Sobre el origen de la conciencia moral en el individuo, Freud propone que las nociones de "bueno" y "malo" que cada uno de nosotros tenemos surgen de un proceso de interiorización de las reglas sociales aprendidas (las familiares, antes que nada). A partir del conocimiento de lo que está prohibido y permitido se elabora una conciencia moral propia que llega a ser tan o más severa que la misma autoridad en quien está inspirada. Lo interesante del fenómeno es que ocurre de forma inadvertida para el individuo y, por lo tanto, esa conciencia aparece como un precepto universal, o un atributo de la naturaleza humana, o una instrucción divina, y no como el resultado de las normas sociales de un tiempo-espacio determinado, la educación familiar y la propia experiencia de vida.

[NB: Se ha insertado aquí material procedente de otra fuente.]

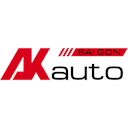 AKauto SaiGon  screen for extension Chrome web store in OffiDocs Chromium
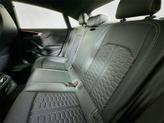 Thumbnail of 2023 Mythos Black Metallic Audi RS 5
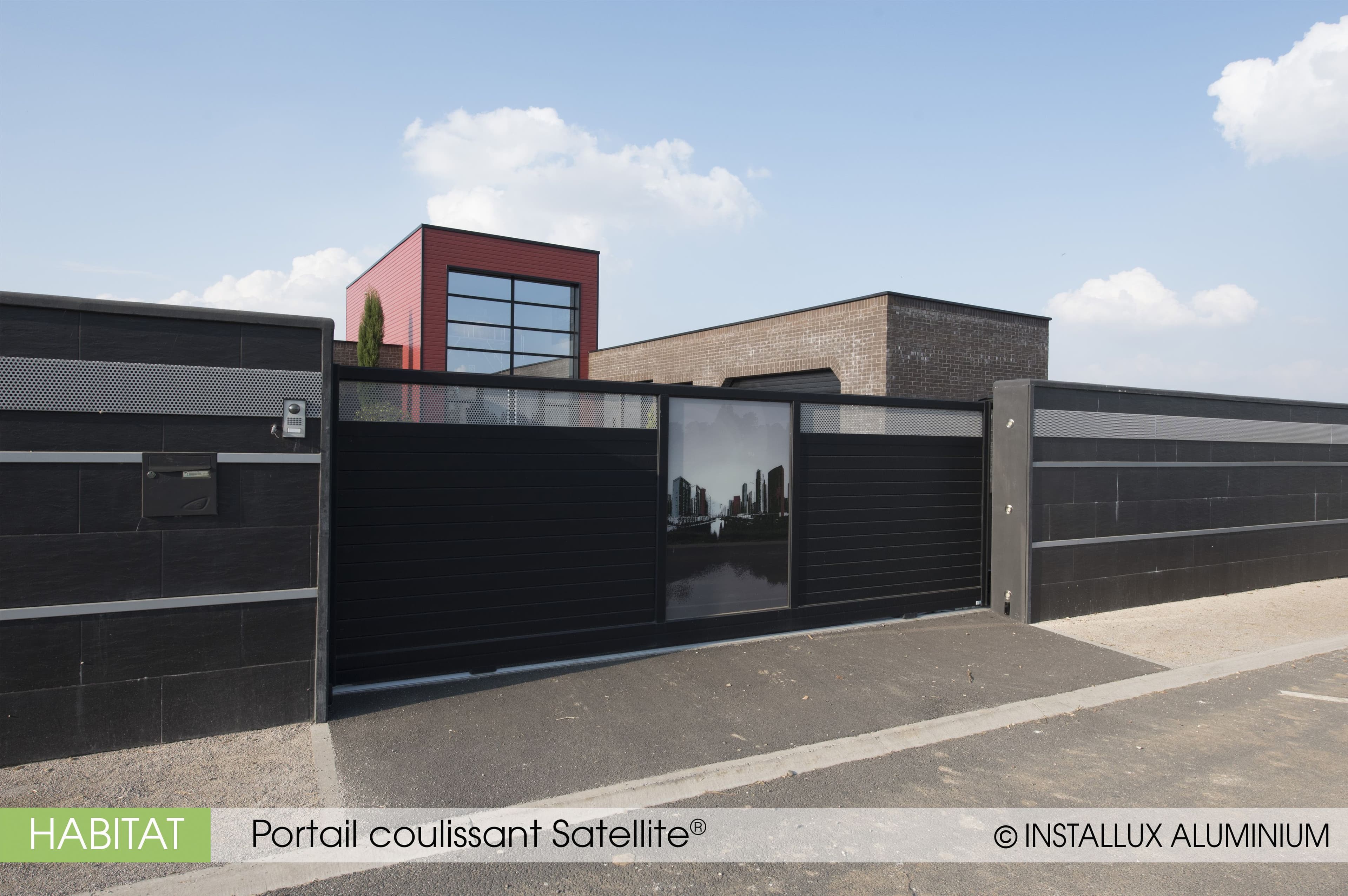 Shutter Story : Quand les Photos Deviennent des Portails vers l’Invisible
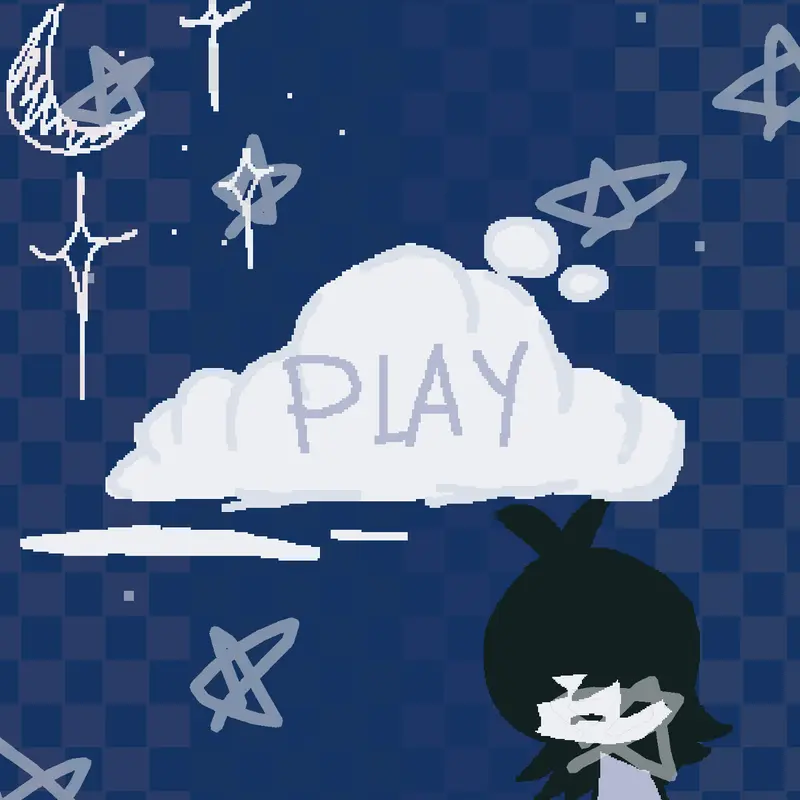 Game by @yamamoto77766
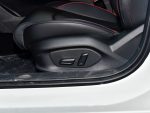 MG7 - Image 14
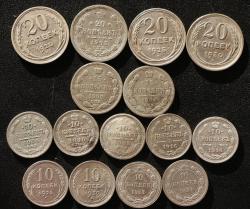 post-12097-0-77324600-1409661252_thumb.j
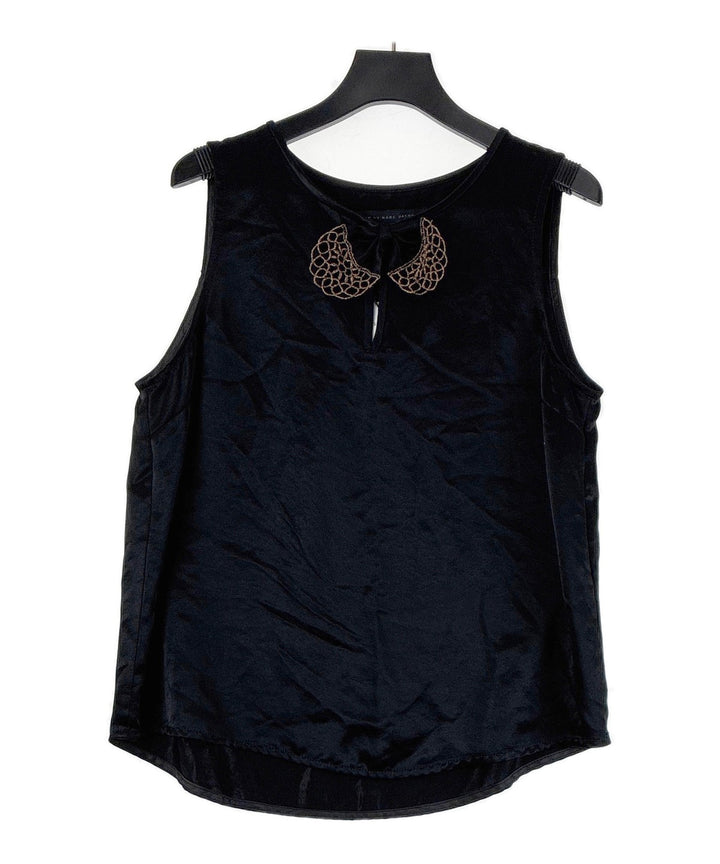 MARC BY MARC JACOBS เสื้อกล้าม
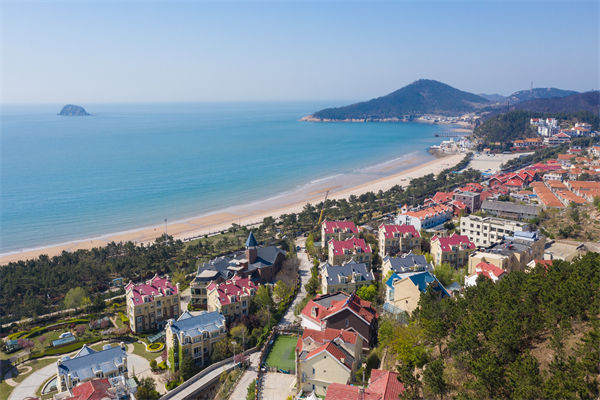 績效目標(biāo)總落空，青島績效咨詢公司如何打通目標(biāo)到執(zhí)行鏈路？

A partir de esto podemos explicarnos que una de las crisis más importantes en la historia personal sea ese rompimiento con los valores heredados y el establecimiento de otros nuevos, definidos conscientemente (que puede darse en cualquier etapa de la vida o nunca). La lucha es dolorosa porque se lidia tanto con el exterior como con el interior. Uno se enfrenta a los castigos prometidos por la autoridad externa (represión, abandono, rechazo) y la interna (remordimientos, sentimiento de culpa). Es una lucha, sin embargo, que debe llevarse a cabo con el fin de que el individuo pueda (empezar a) ser dueño de sí mismo.

Proponemos que ese proceso de interiorización de una "influencia ajena y externa" ocurre también en otros fenómenos, en particular, en la conformación de la autoimagen. El conocimiento del mundo y nuestra imaginación nos motiva a experimentar con nuestra forma de ser: personalidad, rol social, intereses, etcétera. Cuando manifestamos estas aspiraciones, la gente a nuestro alrededor puede reaccionar a ello atendiendo a su propio concepto de nosotros y del mundo. Como resultado, habrá quien apoye y estimule nuestras pretensiones y otros que manifiesten rechazo y escepticismo. En otras palabras, uno proyecta una imagen de sí (una propuesta de ser) a los demás y éstos manifiestan su confianza o desconfianza en que dicha imagen pueda realizarse. Como decía, nos parece que también en esto puede darse un proceso de interiorización del discurso ajeno: se transforma nuestro juicio acerca del mundo (qué es posible y qué no) y, más importante aún, nuestro juicio de nosotros mismos. 

De manera que, lo mismo que el caso anterior, debe producirse un rechazo a esta imagen de sí moldeada por agentes externos. La imagen de sí mismo es importante, no porque constituya una realidad sino porque da el espectro de posibilidades de ser que tiene cada uno fundado en nuestro conocimiento del mundo, de nosotros mismos y nuestra capacidad de imaginar. Es, además, fuente de motivación. Por eso me parece fundamental aprender a protegerla frente a las reacciones ajenas negativas que casi nunca, creo, son expresadas literalmente sino, más bien, con actitudes, gestos, incluso silencios.

En pocas palabras: estaba pensando en la conveniencia de rechazar sistemáticamente a quienes no creen en nosotros porque con su actitud deterioran nuestra autoimagen al grado de encontrarnos –injustificadamente- incapaces de realizar lo que en otro tiempo imaginamos factible. Y si con esto tememos perder a algún ser querido, pensemos en la posibilidad mucho más lamentable aún de perdernos a nosotros mismos.




[1] Este asunto del surgimiento de la conciencia moral en el individuo propuesto por F. es mil veces más complejo de lo que yo expreso aquí y, al mismo tiempo, está expuesto de una manera tan hermosamente sencilla, comprensible y aparentemente irrefutable de lo que yo podría hacerlo jamás por lo que estoy obligada a remitirlos a la parte VII de El Malestar de la Cultura y aclarar que de ninguna manera me siento conforme con abordar este tema tan superficial y caóticamente.